Material for this task:
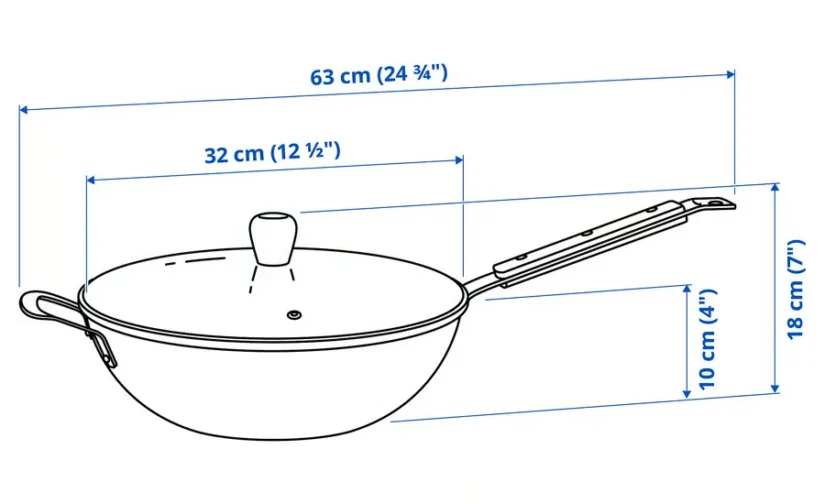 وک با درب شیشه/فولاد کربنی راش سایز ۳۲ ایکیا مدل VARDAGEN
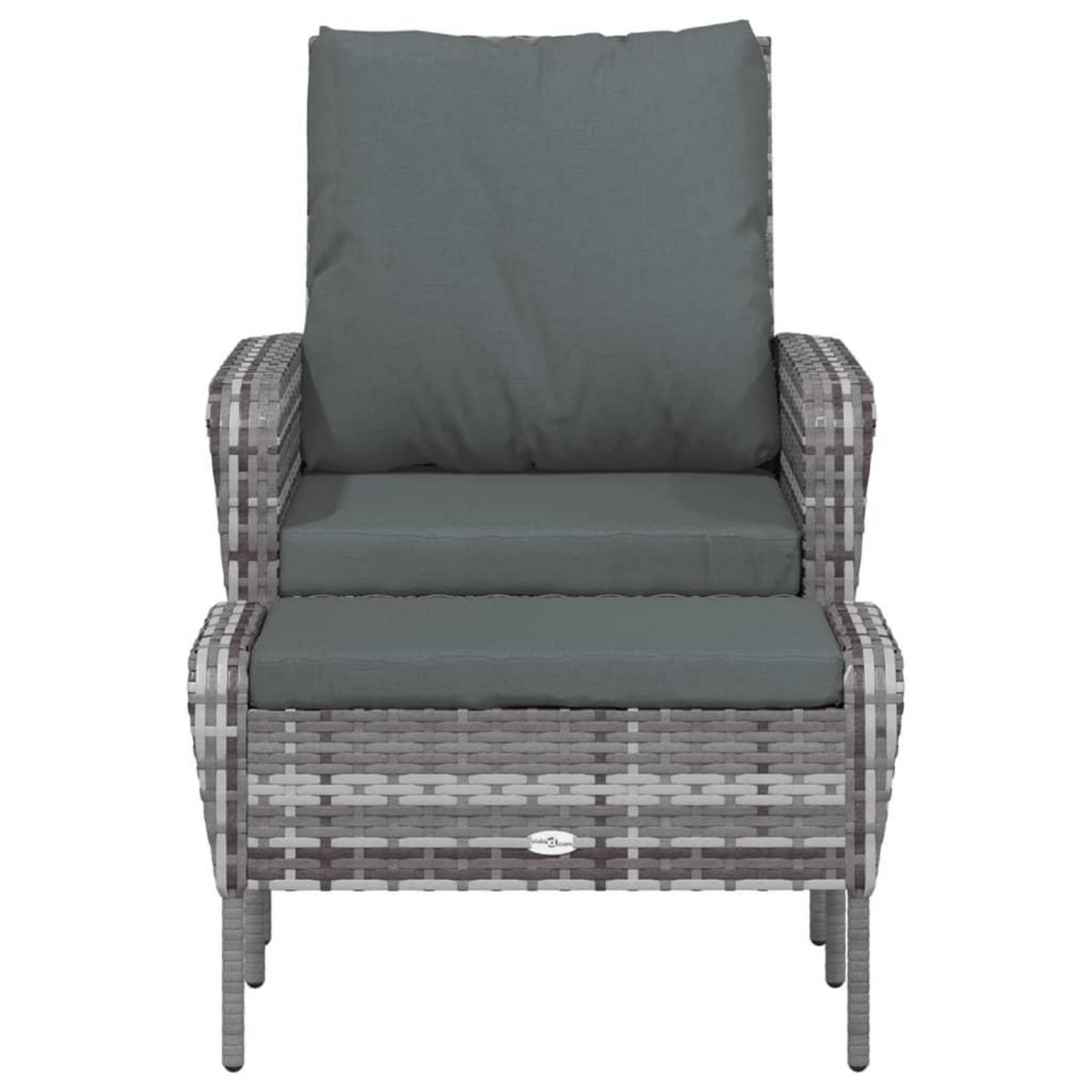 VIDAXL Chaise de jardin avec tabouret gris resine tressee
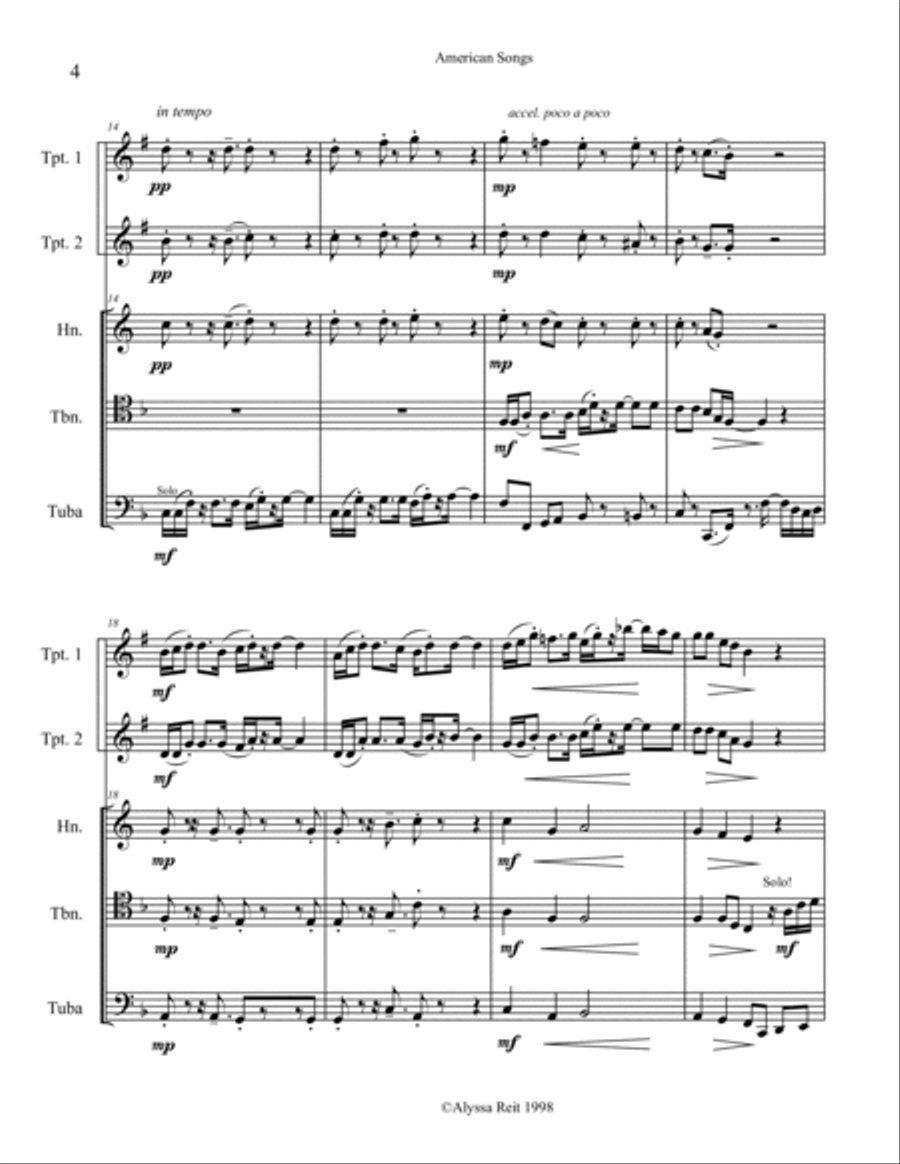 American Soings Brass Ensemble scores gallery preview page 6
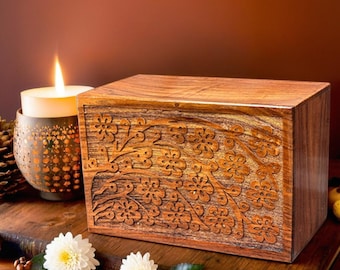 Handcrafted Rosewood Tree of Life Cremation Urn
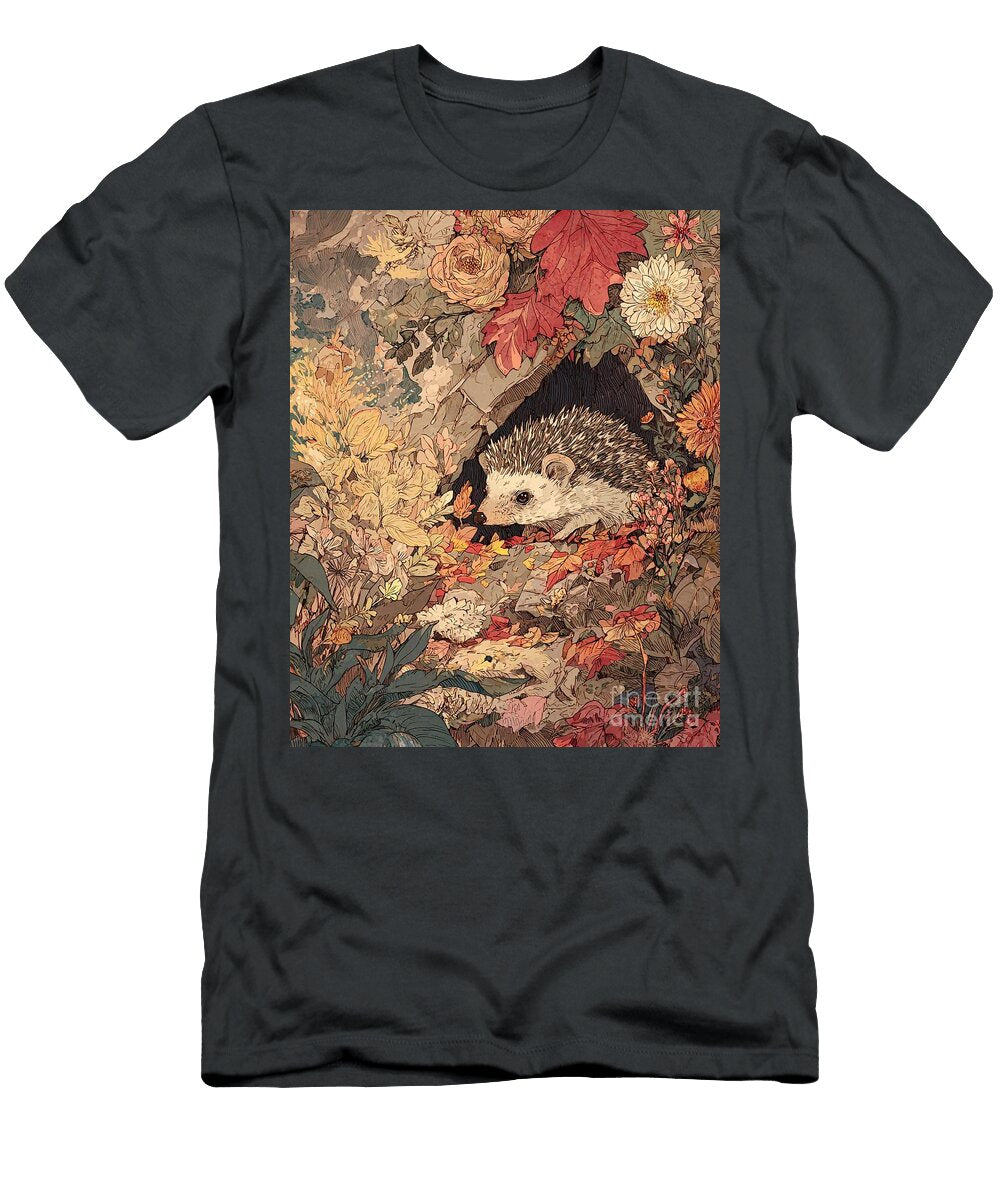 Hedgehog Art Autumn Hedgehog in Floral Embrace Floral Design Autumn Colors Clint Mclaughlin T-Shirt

...

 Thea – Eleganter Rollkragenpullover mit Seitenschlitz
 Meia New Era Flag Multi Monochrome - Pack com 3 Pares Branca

Task instructions: Between and including the line with "Handcrafted Rosewood Tree" and the line with "Hedgehog Art Autumn", repeat every line exactly as it appears above, with pictures left out.

Task answer:
 Handcrafted Rosewood Tree of Life Cremation Urn
 Hedgehog Art Autumn Hedgehog in Floral Embrace Floral Design Autumn Colors Clint Mclaughlin T-Shirt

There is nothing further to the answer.